What emerged was a detailed map of the task. The summaries had a hierarchy of concerns, ordered by reader and urgency. Certain phrases were load-bearing in ways that weren’t obvious to outsiders (the difference between “patient reports” and “patient states” carries legal weight in clinical documentation). The appropriate level of detail varied by presenting complaint category. There were soft conventions around hedging language that the nursing staff had internalized from years of chart review.

Once the team had documented all of this, writing effective prompts became straightforward. Not easy, but straightforward. The hard work had already been done. The prompts were encoding knowledge that now existed explicitly, rather than trying to extract knowledge that had never been articulated.
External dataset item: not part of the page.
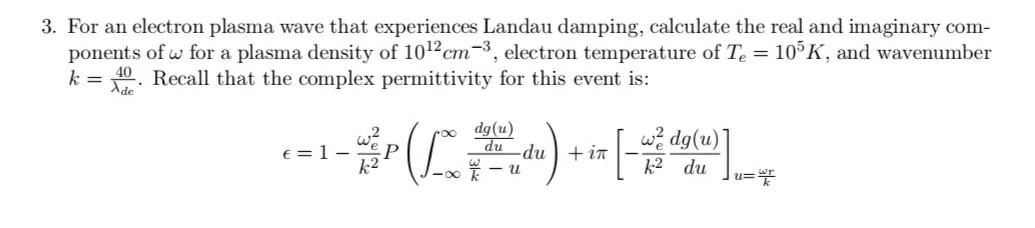 Solved 3. For an electron plasma wave that experiences | Chegg.com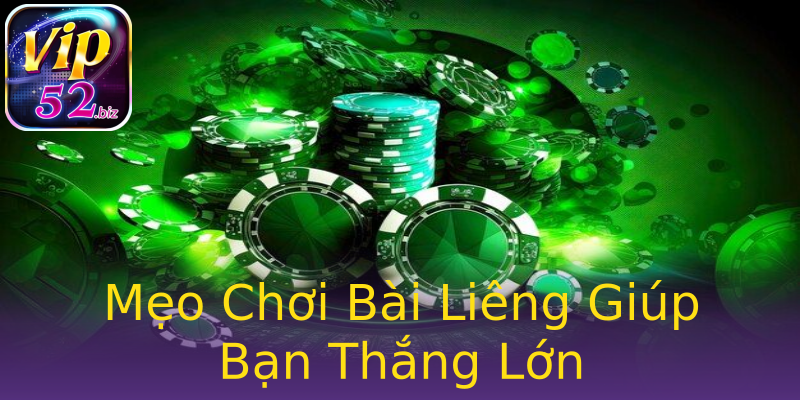 Mẹo Chơi Bài Liêng Giúp Bạn Thắng Lớn Mẹo Chơi Bài Liêng Giúp Bạn Thắng Lớn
The second pilot succeeded. Nurses accepted the drafts at a high rate and editing time dropped significantly. The model hadn’t changed. The prompts looked completely different, but the real difference was the thinking that preceded them.

As a side note: the team also discovered that shorter, more constrained prompts outperformed longer, more elaborate ones once the underlying task was well-specified. If you’ve noticed this pattern in your own work, there’s a structural reason for it.

What We Can Learn

Prompt engineering has accumulated a lot of mystique it doesn’t deserve. There are genuine techniques worth knowing, around context placement, instruction ordering, output format specification, and how models handle ambiguity. These things matter at the margin.

But the factor that separates working AI implementations from failed ones, consistently, is whether the people building them did the hard cognitive work of specifying the task before they started iterating on language. That work is not glamorous. It involves talking to the people who do the job, watching how they actually work (which differs from how they describe working), and building an explicit model of what good output looks like and why.

This is structured thinking. It’s what good product managers do when they write requirements. It’s what good technical writers do when they document a system. It’s what good engineers do when they design an API before implementing it. The skill is old. The application is new.

The companies getting the most out of LLMs right now are not the ones with the cleverest prompts. They’re the ones that treat AI integration as a requirements exercise first and a technical exercise second. They’ve learned that the question “what exactly are we asking the model to do, and for whom, and under what constraints” has to be answered before “how do we phrase this.”

If your AI implementation isn’t working the way you expected, the honest first question isn’t “what’s wrong with our prompts.” It’s “did we actually know what we were asking for before we started asking.”

Most of the time, the answer is no. And no amount of prompt iteration fixes that.